In Washington, two former U.S. Army men, brothers-in-law to one another and naturalized American citizens, were accused of spying for Russia in a plot linked to the Soviet Embassy in Washington. Attorney General James McGranery announced that the two men had been arrested in Vienna, Austria, the previous day after being named by a Federal grand jury in Washington on Tuesday. Simultaneously with that announcement, the State Department announced that it had demanded that Russia recall the second secretary of the Soviet Embassy because of his having engaged in activities "incompatible with his status as an accredited diplomatic official".
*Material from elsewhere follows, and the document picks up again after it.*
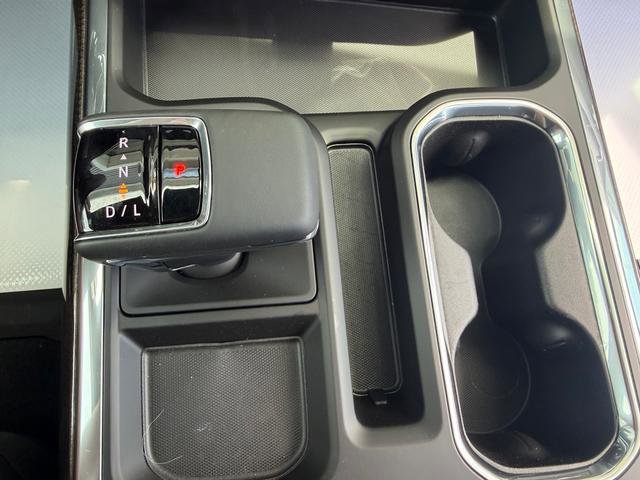 New 2026 Chevrolet Silverado 1500 RST w/ Redline Edition AWD/4WD image 28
In Durham, N.C., Governor William B. Umstead was said by his doctors to be in good condition, following his mild heart attack of the previous Sunday. The hospital had issued a request that no more flowers be sent to the ailing Governor, as there was lack of space left in his room for them.
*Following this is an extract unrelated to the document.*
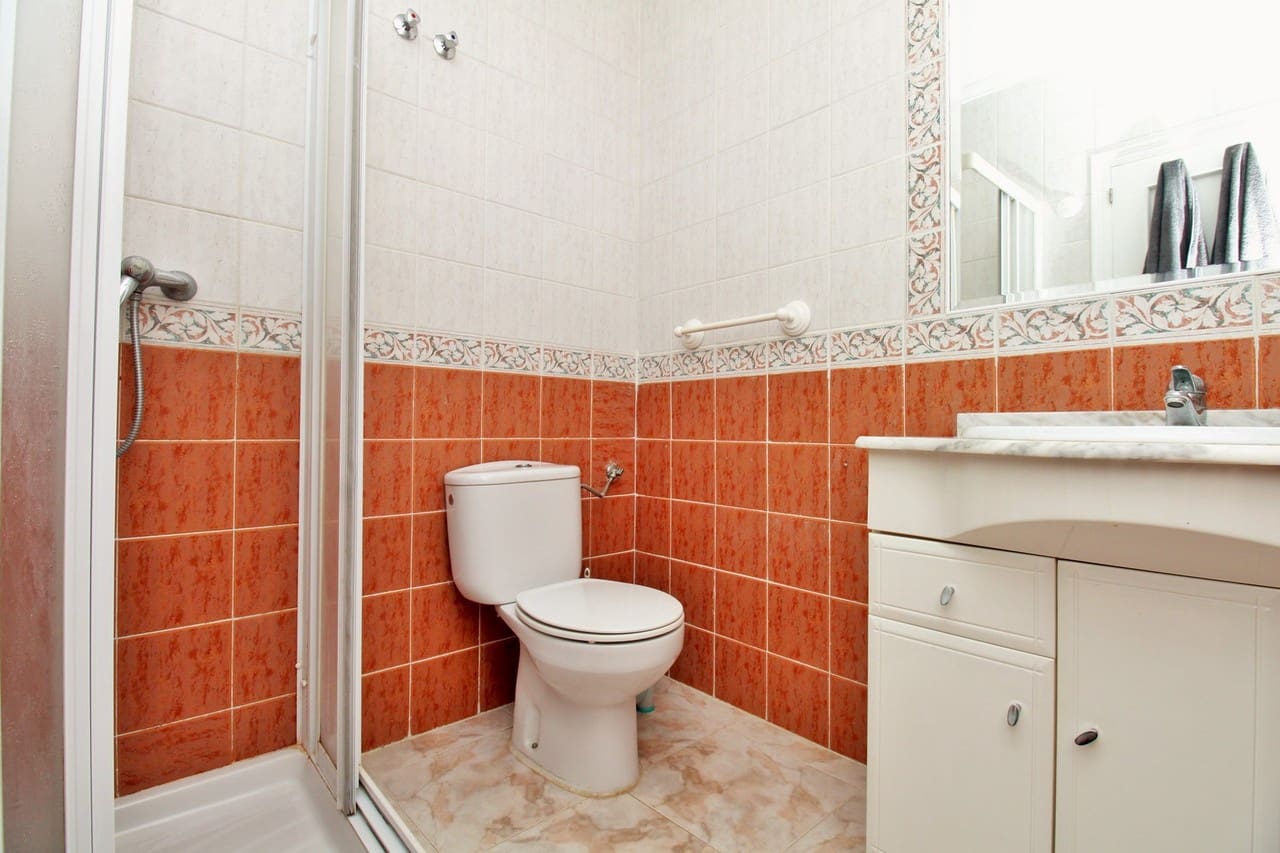 4 Zimmer Villa zu verkaufen in Playa Flamenca mit Pool - 379.000 € (Ref: 9356659)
In Raleigh, legislation was proposed to revise the State Paroles Commission, consistent with a recommendation by Governor Umstead during his inaugural address, to replace the present single paroles commissioner with a three-member board of paroles.
John Daly of The News reports of members of Oasis Temple of the Mystic Shrine holding their annual business meeting in Charlotte, electing Dr. Claude Squires of the city as potentate and authorizing the trustees to construct a home in Charlotte for the Temple's membership, to cost not more than $200,000. "Happy Birthday" was sung to the oldest living past potentate of the Temple, A. G. Myers, 71, of Gastonia, elected potentate in December, 1923.
On the editorial page, "The Case of the Briar Pipe" tells of some European businessmen, who were aware of the affection among American pipe-smokers for Algerian briar pipes, taking advantage of the affinity to make the imported briar a test case of the U.S. tariff policy.
U.S. briar pipe-makers had decided that imported pipes were "harmful" to the domestic briar pipe industry, despite a 75 percent tariff on imported briar pipes. The American pipe-makers were able to convince the Tariff Commission to recommend a higher tariff, which would require President-elect Eisenhower to overrule it for it not to go into effect. The new President would have to decide, therefore, between Americans who smoked imported briar pipes and Americans who made briar pipes from imported burls, likely to lose some of the pipe vote either way.
It indicates that it was likely the new President would not increase the tariff, as an industry which could not meet foreign competition despite the extant high tariff ought consider conversion to some other product. Not imposing the higher tariff would allow foreign manufacturers to continue to market their briar pipes, which most Americans pipe-smokers preferred, at affordable prices, and with the dollars they would make, to buy American products. It suggests that perhaps the corncob pipe, a traditionally American product, could be traded in response.
It concludes that all of trade, of which the briar pipe was an example, needed more ingenuity and fewer artificial barriers, all in the interest of increasing foreign dollars and standards of living, the best way to defeat Communism.
"Insight" indicates that the McCarran-Walter Immigration Act was being attacked by "professional Jews shedding crocodile tears", according to Congressman Francis Walter of Pennsylvania, co-sponsor of the Act, in comments he had made before the House. He said that the only "concrete criticism" of the law had been that "some poor French sailors weren't able to spend Christmas in New York". He further described the French sailors as "throat slitters".
The piece indicates that such comments showed Congressman Walter's character, as revealed in the Act, "racist, exclusionist", the Act not only having been vetoed by the President, its passage nevertheless occurring over that veto, but also condemned by President-elect Eisenhower, Governor Stevenson, and many churchmen of several faiths, who, along with many others, had been shocked at how bigoted one of its sponsors was.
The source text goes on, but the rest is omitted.